An extremely interesting conclusion follows. If these latter estimates are accepted, they imply a greater human toll during the period following the famine than during the famine itself! This result comes from some combination of the aftermath of the famine--the long-lived results of chronic malnutrition--and the fact that the economy failed to grow over this period, resulting in a stagnation in life expectancy.

Needless to say, this whole exercise is fraught with arbitrary assumptions and we are still recovering from the howler repeated several times in the paper that Nick Eberstadt believes that North Korea’s official population data are “generally reliable” (sorry, guys, he has practically built a career arguing that the data are systemically falsified).
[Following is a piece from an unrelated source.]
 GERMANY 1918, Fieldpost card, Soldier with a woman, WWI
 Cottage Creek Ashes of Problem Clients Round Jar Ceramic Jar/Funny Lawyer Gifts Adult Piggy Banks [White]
Fourteen years after the fact the mortality estimation game basically amounts to an intellectual exercise of interest to a handful of people like us with a professional stake in it. But while we are skeptical of the specific conclusions, Spoorenberg and Schwekendiek’s paper does a useful service in reminding us that while the famine may have ended in 1998, its effects continue to reverberate through North Korean society. Just last week we ran a post on continuing research into the long-term effects of famine exposure on infants. If one accepts their bottom line result, it implies that the last 12 years have been a bigger catastrophe for North Korea than the famine itself.

We are not ready to sign on to that conclusion but it does serve as a useful reminder, especially in a world in which there is a tendency to focus on the day-to-day diplomatic maneuvering of "high politics." The North Korean regime imposes terrible costs on its own population. And those profound harms are exacted day in and day out, missile launch or not.